### TASK INSTRUCTIONS
Only the lines from the start of the entries up to and including the line with "Large Vintage Clear" should be written out, exactly as they stand.

[Stored data entries]
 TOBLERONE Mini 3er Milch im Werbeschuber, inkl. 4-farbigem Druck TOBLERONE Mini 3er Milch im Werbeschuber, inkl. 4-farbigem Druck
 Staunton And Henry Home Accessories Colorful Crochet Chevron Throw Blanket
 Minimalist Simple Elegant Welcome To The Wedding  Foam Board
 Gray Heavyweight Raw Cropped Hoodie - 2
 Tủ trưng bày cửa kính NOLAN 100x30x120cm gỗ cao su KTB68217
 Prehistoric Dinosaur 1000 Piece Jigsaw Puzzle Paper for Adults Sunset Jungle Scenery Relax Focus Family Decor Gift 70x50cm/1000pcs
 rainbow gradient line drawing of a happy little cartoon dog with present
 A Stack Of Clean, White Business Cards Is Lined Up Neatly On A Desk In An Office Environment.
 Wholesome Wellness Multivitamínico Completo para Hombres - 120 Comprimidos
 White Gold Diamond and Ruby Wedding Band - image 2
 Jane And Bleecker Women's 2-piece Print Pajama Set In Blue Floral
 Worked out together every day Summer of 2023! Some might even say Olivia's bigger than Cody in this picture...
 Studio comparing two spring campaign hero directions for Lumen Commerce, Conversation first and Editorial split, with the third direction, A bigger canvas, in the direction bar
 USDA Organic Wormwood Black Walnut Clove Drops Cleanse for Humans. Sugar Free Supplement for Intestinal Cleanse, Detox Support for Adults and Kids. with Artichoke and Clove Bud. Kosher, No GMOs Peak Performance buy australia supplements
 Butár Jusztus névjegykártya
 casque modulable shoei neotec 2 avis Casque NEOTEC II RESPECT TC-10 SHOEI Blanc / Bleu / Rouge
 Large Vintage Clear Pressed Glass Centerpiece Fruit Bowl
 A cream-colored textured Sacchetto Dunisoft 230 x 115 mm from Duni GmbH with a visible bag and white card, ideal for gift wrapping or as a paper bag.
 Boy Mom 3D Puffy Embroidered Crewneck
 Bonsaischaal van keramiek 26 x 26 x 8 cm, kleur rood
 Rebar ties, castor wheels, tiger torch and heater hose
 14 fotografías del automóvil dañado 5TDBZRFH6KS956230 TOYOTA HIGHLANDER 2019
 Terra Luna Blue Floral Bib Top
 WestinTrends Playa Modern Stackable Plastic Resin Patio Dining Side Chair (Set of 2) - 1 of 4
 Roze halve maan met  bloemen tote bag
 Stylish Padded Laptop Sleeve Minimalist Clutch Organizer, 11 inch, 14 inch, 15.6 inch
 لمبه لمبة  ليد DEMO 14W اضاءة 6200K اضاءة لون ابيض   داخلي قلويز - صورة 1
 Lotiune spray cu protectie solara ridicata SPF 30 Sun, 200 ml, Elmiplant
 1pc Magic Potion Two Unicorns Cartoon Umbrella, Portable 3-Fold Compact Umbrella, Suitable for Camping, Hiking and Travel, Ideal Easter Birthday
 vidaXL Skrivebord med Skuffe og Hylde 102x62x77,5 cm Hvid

### PROBLEM SOLUTION
 TOBLERONE Mini 3er Milch im Werbeschuber, inkl. 4-farbigem Druck TOBLERONE Mini 3er Milch im Werbeschuber, inkl. 4-farbigem Druck
 Staunton And Henry Home Accessories Colorful Crochet Chevron Throw Blanket
 Minimalist Simple Elegant Welcome To The Wedding  Foam Board
 Gray Heavyweight Raw Cropped Hoodie - 2
 Tủ trưng bày cửa kính NOLAN 100x30x120cm gỗ cao su KTB68217
 Prehistoric Dinosaur 1000 Piece Jigsaw Puzzle Paper for Adults Sunset Jungle Scenery Relax Focus Family Decor Gift 70x50cm/1000pcs
 rainbow gradient line drawing of a happy little cartoon dog with present
 A Stack Of Clean, White Business Cards Is Lined Up Neatly On A Desk In An Office Environment.
 Wholesome Wellness Multivitamínico Completo para Hombres - 120 Comprimidos
 White Gold Diamond and Ruby Wedding Band - image 2
 Jane And Bleecker Women's 2-piece Print Pajama Set In Blue Floral
 Worked out together every day Summer of 2023! Some might even say Olivia's bigger than Cody in this picture...
 Studio comparing two spring campaign hero directions for Lumen Commerce, Conversation first and Editorial split, with the third direction, A bigger canvas, in the direction bar
 USDA Organic Wormwood Black Walnut Clove Drops Cleanse for Humans. Sugar Free Supplement for Intestinal Cleanse, Detox Support for Adults and Kids. with Artichoke and Clove Bud. Kosher, No GMOs Peak Performance buy australia supplements
 Butár Jusztus névjegykártya
 casque modulable shoei neotec 2 avis Casque NEOTEC II RESPECT TC-10 SHOEI Blanc / Bleu / Rouge
 Large Vintage Clear Pressed Glass Centerpiece Fruit Bowl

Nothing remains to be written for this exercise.